The following are excerpts from ATI’s interview with Roger Chastain.

ATI: How would you describe ATMI’s major roles in representing the U.S. textile industry?
Chastain: The primary role that we have is to represent our members on issues relating to the federal government and to work on anything that’s for the common good of all of our members.

It’s very simple to state our primary mission in today’s environment — to ensure a viable U.S. textile industry. And by that, I don’t just mean that ATMI only lobbies the Congress. We also promote the interest on the industry’s issues with a lot of the regulatory agencies like the EPA, OSHA and executive agencies that carry out trade or administrative policies like the Office of the U.S. Trade Represent-ative (USTR), Department of Commerce, Department of Agriculture. When we get outside the government arena, we like to get involved in issues that assist the industry such as the cotton quality, standards development for fibers and international standards that affect textiles.

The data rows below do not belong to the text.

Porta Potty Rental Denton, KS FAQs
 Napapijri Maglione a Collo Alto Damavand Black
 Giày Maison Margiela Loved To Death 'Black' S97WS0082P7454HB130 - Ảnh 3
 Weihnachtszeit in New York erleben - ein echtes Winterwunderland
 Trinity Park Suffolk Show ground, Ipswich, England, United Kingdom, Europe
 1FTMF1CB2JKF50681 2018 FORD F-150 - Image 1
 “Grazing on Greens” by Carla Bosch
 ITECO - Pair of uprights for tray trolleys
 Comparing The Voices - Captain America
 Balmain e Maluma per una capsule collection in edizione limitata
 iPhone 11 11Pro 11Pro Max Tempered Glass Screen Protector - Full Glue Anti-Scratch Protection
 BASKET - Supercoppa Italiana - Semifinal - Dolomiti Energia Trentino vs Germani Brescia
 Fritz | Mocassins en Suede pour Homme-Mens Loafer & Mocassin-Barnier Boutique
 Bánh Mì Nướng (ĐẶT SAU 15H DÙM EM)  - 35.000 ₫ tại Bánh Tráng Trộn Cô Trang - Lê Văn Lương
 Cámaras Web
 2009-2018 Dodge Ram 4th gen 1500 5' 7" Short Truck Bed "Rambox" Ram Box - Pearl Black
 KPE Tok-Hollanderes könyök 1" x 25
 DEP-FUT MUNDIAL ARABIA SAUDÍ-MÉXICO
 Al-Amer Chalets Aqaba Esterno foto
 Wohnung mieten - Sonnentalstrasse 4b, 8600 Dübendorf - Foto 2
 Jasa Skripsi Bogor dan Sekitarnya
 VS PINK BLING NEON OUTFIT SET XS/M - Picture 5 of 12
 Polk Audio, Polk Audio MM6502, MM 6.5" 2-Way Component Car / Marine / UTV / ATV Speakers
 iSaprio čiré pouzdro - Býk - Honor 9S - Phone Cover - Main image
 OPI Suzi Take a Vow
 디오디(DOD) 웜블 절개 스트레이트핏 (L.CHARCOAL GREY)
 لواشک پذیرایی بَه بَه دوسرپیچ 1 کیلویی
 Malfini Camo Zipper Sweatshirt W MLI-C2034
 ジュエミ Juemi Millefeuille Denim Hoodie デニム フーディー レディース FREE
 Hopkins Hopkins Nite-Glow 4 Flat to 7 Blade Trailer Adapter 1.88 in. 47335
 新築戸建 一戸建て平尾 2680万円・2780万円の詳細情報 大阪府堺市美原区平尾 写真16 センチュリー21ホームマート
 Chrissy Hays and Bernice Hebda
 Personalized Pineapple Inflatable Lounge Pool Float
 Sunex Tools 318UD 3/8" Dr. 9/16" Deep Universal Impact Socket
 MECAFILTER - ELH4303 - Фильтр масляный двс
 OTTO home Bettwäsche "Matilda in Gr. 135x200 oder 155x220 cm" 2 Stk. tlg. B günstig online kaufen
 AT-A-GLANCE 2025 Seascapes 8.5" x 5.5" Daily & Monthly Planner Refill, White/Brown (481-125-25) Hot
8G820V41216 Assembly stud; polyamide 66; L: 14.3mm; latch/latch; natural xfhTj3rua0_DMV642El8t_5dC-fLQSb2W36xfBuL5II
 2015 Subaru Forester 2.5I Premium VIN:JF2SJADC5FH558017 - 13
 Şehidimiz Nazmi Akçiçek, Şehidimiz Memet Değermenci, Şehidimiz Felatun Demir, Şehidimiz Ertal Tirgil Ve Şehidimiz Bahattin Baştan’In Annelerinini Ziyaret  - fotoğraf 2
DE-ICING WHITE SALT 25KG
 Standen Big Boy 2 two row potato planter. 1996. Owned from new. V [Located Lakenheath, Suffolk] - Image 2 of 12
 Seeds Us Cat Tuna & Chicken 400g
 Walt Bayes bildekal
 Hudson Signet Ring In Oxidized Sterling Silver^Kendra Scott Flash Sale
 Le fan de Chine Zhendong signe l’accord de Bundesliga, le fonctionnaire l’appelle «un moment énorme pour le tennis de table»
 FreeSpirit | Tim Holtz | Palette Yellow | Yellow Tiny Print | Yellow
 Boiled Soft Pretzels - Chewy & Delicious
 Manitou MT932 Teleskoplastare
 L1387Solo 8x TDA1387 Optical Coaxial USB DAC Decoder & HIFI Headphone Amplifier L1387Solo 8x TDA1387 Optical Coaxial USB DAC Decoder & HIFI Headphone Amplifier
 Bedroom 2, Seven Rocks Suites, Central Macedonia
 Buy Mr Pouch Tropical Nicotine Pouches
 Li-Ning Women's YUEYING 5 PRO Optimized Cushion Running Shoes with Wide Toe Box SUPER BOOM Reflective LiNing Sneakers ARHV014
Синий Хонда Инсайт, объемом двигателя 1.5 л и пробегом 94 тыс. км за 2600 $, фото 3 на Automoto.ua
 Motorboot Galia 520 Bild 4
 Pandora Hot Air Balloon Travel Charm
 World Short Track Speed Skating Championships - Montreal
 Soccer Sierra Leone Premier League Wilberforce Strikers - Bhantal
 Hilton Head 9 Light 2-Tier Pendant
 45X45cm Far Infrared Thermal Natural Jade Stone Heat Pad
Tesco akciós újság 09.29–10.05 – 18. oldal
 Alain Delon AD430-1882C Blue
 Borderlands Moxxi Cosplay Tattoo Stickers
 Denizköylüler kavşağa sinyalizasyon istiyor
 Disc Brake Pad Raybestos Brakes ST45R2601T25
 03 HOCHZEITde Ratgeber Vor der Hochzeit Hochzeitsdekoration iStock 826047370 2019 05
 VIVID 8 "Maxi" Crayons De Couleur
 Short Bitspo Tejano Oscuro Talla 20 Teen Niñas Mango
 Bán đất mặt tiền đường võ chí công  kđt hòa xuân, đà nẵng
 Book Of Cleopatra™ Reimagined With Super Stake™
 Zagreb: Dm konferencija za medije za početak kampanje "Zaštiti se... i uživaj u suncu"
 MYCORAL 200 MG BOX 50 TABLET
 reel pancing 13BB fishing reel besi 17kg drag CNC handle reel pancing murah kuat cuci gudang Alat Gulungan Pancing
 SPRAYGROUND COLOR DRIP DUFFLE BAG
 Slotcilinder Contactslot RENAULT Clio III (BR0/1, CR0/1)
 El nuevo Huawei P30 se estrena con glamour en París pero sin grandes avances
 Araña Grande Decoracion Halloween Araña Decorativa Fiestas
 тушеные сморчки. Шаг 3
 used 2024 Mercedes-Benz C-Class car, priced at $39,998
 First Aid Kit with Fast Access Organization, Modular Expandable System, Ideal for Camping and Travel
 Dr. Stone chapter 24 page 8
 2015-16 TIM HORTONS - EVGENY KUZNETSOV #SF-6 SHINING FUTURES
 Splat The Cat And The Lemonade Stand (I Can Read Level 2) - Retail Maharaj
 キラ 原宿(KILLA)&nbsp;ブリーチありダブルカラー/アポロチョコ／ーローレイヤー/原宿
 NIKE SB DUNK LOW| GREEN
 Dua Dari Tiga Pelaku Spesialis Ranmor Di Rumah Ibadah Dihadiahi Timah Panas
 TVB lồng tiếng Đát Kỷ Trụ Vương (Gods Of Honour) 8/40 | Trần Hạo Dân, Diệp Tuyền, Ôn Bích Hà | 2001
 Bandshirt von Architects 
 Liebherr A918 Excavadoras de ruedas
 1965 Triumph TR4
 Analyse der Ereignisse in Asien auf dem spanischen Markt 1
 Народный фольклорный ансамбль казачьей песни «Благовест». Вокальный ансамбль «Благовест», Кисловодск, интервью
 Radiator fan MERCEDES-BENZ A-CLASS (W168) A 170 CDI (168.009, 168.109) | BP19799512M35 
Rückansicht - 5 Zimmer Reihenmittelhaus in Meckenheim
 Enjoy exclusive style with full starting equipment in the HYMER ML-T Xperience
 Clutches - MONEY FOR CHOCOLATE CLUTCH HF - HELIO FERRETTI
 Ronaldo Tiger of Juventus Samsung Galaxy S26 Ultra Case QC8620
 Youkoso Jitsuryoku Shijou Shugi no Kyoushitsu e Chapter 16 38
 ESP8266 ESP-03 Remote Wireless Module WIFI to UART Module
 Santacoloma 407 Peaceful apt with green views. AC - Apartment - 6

ATI: What are your priorities for AMTI during your year as president?
Chastain: While I’ve got several priorities I would really like to just break it down into two that I consider are the most important. They are unity and visibility.

In terms of unity, what I really want to see is the entire supply chain come together to present a unified front to Congress. We have what I feel like is a great industry, and we touch many lives in just about every state.

rogerstanding_924We’l l l l l ve already started working with these associations and various segments of the supply chain. We’ v e had preliminary meetings with: the Northern Textile Association, the National Cotton Council, the Knitting Trades Association (KTA), the Textile Distributors Association (TDA), American Yarns Spinners Association, the Sheep Industry Association and, of course, the American Fiber Manufacturers Association.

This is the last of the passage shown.